During disasters and everyday life, certain groups are more vulnerable to adverse health effects. Age, income, and the presence of disability, along with other social determinants of health, are associated with poorer health outcomes, which may be magnified during natural disasters when interruptions in care are more likely to occur—which makes more difficult to obtain medicines and supply medical devices.

 Of the 1.05 million patients at a federally qualified health center in the path of the hurricane, according to a Direct Relief analysis of U.S. Health Resources and Services Administration data, about 11 percent are under the age of six, 50 percent live in the federal at or below the poverty line, 18% have hypertension, 31.5% are classified as overweight, 4% have asthma and 8% have diabetes. More than 20% of patients speak a language other than English.

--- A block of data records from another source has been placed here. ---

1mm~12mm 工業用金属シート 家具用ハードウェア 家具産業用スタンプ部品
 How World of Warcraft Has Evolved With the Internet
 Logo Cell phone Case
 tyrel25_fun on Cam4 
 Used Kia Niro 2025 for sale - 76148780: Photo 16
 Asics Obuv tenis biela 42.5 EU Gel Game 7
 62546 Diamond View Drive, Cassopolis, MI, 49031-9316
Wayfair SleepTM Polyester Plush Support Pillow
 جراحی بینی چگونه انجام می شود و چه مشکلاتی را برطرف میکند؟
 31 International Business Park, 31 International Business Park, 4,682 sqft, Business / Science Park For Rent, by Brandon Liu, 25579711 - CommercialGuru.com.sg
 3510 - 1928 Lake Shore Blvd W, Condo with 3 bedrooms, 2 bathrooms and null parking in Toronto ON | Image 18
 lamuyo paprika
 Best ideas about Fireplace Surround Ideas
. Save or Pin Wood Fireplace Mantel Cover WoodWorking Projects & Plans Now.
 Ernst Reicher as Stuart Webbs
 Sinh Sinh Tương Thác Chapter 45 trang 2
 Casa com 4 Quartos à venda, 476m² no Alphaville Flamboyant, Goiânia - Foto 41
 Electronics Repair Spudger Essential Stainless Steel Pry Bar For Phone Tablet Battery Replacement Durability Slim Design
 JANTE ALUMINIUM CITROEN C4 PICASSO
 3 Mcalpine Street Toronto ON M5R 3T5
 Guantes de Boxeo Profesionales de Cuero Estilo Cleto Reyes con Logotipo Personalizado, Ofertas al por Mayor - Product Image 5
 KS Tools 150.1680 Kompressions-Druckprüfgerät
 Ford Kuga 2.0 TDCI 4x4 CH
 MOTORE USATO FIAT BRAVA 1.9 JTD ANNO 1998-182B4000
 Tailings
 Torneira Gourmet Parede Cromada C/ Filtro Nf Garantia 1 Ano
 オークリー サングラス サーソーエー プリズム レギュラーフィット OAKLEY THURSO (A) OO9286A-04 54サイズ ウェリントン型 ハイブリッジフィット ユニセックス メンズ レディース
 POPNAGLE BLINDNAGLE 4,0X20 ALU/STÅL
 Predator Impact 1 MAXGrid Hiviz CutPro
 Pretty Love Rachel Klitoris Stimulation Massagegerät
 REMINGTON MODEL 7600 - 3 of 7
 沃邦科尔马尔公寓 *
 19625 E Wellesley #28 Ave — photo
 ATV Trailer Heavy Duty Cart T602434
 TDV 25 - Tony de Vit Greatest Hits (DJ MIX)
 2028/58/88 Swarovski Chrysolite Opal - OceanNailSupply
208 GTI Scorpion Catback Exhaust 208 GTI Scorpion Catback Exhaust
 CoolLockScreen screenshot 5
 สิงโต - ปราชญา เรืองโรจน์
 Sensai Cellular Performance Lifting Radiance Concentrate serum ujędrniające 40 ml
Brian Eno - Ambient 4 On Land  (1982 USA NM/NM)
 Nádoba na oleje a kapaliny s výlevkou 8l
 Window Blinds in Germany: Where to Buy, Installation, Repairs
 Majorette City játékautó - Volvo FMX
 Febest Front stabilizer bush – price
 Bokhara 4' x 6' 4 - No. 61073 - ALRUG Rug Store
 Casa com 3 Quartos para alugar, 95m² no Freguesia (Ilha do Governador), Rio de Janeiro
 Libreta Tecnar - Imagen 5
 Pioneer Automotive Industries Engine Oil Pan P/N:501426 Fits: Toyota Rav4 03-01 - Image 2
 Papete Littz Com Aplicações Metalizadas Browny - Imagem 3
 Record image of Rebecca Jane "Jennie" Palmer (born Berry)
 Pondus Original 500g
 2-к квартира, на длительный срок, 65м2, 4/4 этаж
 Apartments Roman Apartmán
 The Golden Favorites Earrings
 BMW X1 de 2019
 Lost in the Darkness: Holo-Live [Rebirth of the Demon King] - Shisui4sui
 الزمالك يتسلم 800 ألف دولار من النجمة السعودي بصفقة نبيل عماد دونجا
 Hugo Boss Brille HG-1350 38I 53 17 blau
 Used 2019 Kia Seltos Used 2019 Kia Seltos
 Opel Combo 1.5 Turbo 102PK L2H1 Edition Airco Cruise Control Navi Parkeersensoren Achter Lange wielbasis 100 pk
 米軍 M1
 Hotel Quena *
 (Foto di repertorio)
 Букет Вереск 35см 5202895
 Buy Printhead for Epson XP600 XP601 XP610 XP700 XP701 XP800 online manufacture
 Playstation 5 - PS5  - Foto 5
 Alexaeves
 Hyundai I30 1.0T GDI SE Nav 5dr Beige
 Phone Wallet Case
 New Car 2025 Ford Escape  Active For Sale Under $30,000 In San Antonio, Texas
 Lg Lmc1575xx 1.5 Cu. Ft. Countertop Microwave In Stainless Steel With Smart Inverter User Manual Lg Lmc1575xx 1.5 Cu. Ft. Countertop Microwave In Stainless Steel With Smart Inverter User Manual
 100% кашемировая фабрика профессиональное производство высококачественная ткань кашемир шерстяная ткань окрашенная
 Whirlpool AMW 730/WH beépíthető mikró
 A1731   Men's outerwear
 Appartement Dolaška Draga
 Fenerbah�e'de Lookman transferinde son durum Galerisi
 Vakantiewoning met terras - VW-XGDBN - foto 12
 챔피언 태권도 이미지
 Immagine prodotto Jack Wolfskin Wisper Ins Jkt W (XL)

In Pinellas County, 25% of the population is over the age of 65, which is 8.5% higher than the US national average of 16.5%. Hillsborough County’s population is younger than average, but 14 percent of the population lives below the poverty line, compared to the national average of 11 percent.

Both counties, which are the two most populous counties on the Gulf Coast in Hurricane Ian’s projected path, have about 18,000 people with power-dependent medical devices. The national average per county is 895 people. A 2010 study found that the average backup battery for an intensive care ventilator lasts between about 20 and 170 minutes.

Earlier this summer, in accordance with a program created in 2007 that began after Hurricane Katrina to help support FQHCs, Direct Relief pre-positioned a dozen hurricane preparedness packages in Florida. The packs, which contain over 210 different products and have been refined and updated based on feedback from FQHCs and other health care providers, currently have an array of antibiotics, syringes, basic first aid supplies and medications for conditions such as diabetes, hypertension and severe allergic reactions. One of the recipients this year was Tampa Family Health Center, one of the largest federally qualified health centers in Florida.

Berman said that as the storm approaches and the mission moves from evacuation to reopening, his organization and the FQHCs it supports will remain focused on the stakes affected.

“At the end of the day, we might be the only option for people,” he said.